竜どん

シン・ウルトラマンの竜どんのレビュー・感想・評価

シン・ウルトラマン(2022年製作の映画)
4.5
いや〜面白かった。
巨大ヒーローのエポックメイキング的地位に君臨する『ウルトラマン』。シリーズとしては未だ新作が発表されるも、所謂初代リメイクに手を出す者かいなかったのはそれだけその完成度の高さ故ハードルが高かったということなのだろうな。
スペシウム光線や八つ裂き光輪、光線白刃取り、必殺技自体の表現はオリジナルに準じたまま、生じるその結果を現行技術の粋を尽くした派手なSFXでエンタメ性を上げるあくまで特撮映画としての面白さを追求した庵野らしい「特撮愛」に溢れる一本。「特撮映画」に〈リアル〉を求めてはいけない。フルCGで描きながらも〈着ぐるみのたるみ〉や〈ミニチュアっぽい街並〉を「あえて」表現するのが粋なのだ。同じ怪獣映画でも『シン・ゴジラ』は特撮映画であり、『キングオブモンスターズ』はSF映画なのである。一種の「ユルさ」と「稚拙さ」と「手作り感」、懐古主義〈ノスタルジー〉ととられようが個人的には「特撮」はそういうモノであり、そういうモノであり続けて欲しい。

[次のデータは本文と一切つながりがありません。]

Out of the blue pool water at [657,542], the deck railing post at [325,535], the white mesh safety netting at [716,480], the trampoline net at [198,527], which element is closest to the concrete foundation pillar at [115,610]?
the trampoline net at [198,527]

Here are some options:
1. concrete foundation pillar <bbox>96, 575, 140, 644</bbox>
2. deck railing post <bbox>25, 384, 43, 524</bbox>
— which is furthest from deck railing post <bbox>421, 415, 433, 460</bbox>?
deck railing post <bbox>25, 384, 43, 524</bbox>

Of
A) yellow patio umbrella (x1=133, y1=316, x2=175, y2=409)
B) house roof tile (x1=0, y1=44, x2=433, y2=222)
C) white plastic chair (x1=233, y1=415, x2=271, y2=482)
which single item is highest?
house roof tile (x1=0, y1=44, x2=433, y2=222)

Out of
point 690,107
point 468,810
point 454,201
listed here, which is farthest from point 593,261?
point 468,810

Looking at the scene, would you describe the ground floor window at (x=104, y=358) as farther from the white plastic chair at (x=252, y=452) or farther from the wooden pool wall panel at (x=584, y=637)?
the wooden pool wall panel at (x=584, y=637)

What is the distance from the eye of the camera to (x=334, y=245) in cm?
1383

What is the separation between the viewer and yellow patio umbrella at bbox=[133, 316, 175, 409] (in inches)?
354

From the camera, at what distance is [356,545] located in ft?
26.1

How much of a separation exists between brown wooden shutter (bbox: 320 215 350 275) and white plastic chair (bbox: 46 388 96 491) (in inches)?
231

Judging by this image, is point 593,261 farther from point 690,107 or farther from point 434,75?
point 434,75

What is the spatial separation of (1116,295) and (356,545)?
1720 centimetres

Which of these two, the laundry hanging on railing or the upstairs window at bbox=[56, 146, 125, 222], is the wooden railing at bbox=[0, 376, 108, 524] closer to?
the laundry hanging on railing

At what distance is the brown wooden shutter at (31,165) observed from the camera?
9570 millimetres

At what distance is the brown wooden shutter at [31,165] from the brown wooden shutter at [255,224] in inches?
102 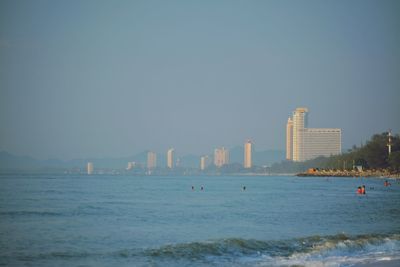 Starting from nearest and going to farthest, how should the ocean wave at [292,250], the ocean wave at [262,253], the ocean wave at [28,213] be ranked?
the ocean wave at [262,253], the ocean wave at [292,250], the ocean wave at [28,213]

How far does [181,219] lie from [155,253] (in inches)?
528

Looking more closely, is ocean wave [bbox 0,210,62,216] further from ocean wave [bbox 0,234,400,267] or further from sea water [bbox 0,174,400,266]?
ocean wave [bbox 0,234,400,267]

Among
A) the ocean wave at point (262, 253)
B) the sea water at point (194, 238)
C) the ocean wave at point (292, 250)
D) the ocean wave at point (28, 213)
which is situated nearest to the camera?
the ocean wave at point (262, 253)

凶悪宇宙人・悪質宇宙人・宇宙恐竜、庵野厳選オリジナルからの3エピソードを組み合わせての構成。ウルトラマン現界以前の禍威獣が『ウルトラQ』(『ウルトラマン』の前身)よりの選出というのも心憎い。小ネタも随所に鏤められておりファンなら感涙モノ。物語自体は現代風にブラッシュアップされており初心者にも分かりやすいシンプル設計、ただそこまでドラマティック展開がある訳でもなくお約束で進行していくので平坦に感じてしまう方も少なくない様ですね。…だから「特撮」ってそういうモノなんだよぅ。いい意味でも悪い意味でも特撮好きの手による特撮マニアの為のウルトラマンファンムービー。万人にオススメできるかというとウーン…
「狭間にいるから見えるものがある。」のですよ。

追記
それにしてもウルトラマンのデザインは洗練されている。
目部覗き穴・背鰭・カラータイマーの消失及びボディラインの色彩変化は故成田亨のデザインを可能な限り再現した美しいフォルム。半世紀以上も昔のものとは思えない。素晴ら!